Although he needed alcohol to do so, Gu could tolerate his quiet life around Mi-jung in the countryside, but back in Seoul he descends into destructive alcoholic behaviour. At this point in the series, Mi-jung also gets into trouble in town, understandably losing her cool with the boss and colleague whose affair has unfairly affected her life.

Kim Ji-won (left) as Mi-jung and Lee Min-ki a Chang-hee in a still from My Liberation Notes. Photo: Online

Both Gu and Mi-jung are lashing out after being separated from one another, but while they each may be a calming influence on the other, the truth, which they both later acknowledge, is that they hate other people. They are misanthropes who shrink back into themselves to avoid dealing with the world they hate.

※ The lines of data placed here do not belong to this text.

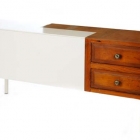 Meuble Mélange d'ancien et de nouveau : Duo Cabinet par Maak Design Studio
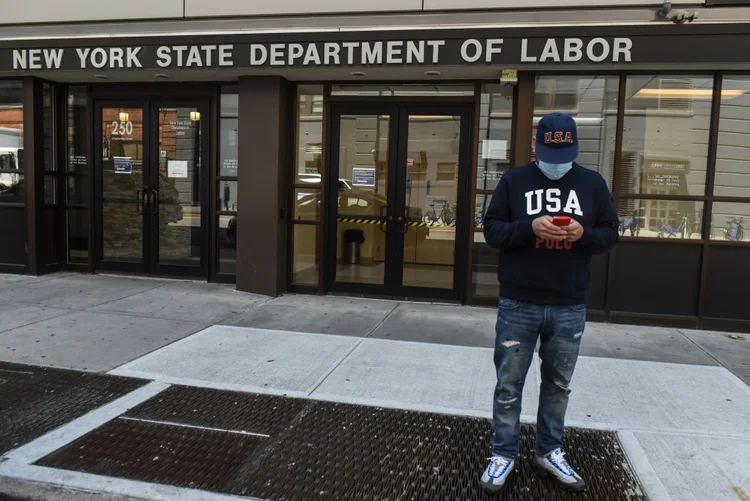 Estados Unidos: homem em frente do Departamento do Trabalho do estado de Nova York (Stephanie Keith/Getty Images)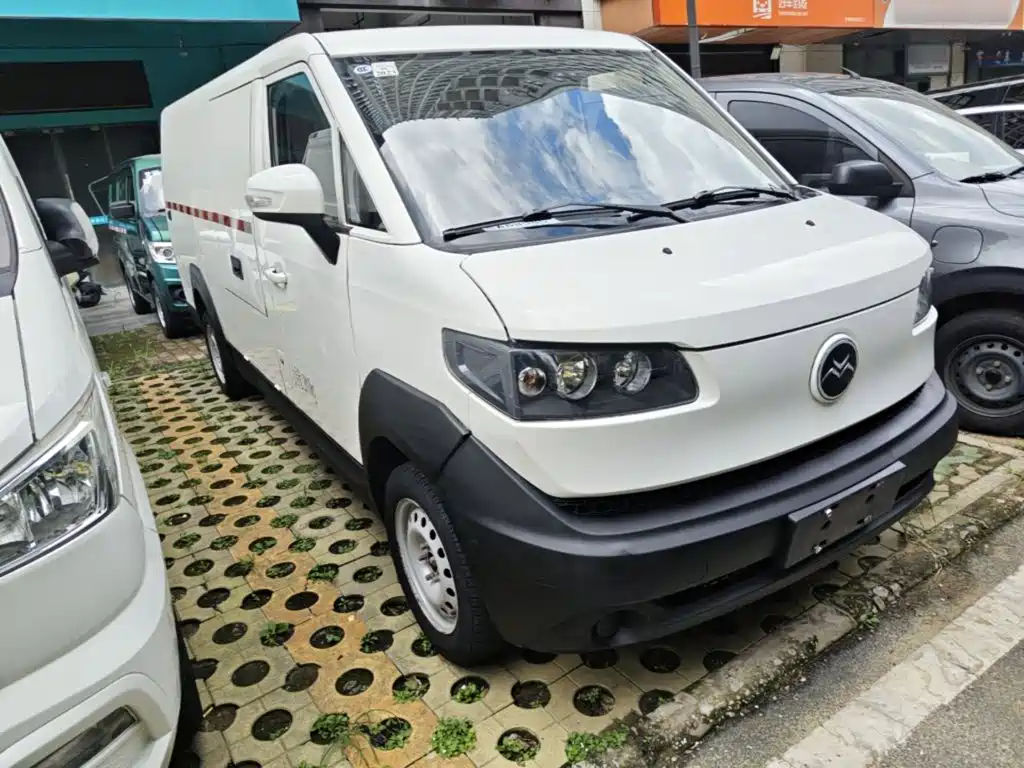 Singulato Gonow Shuai Ling 2022 2023 Standard Range 41.93kWh Tianjin Hengtian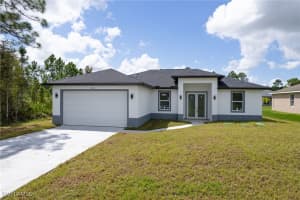 3856 Highlight Street, Fort Myers, FL 33905 Sold 12/13/24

They may have been the cooler characters on the show (particularly Gu, played by Son, who plays the villain in the smash hit movie The round-up) but the awkward Ki-jung and Chang-hee don’t hate other people, they just want to carve out a little piece of the world to call their own.

Regardless of which side of the human spectrum you find yourself on and which character’s journey you relate to the most, My Liberation Notes has been a rich and rewarding journey like few others.

Son Suk-ku (left) as Mr Gu and Kim Ji-won as Mi-jung in a still from My Liberation Notes. Photo: Online

My Liberation Notes is streaming on Netflix.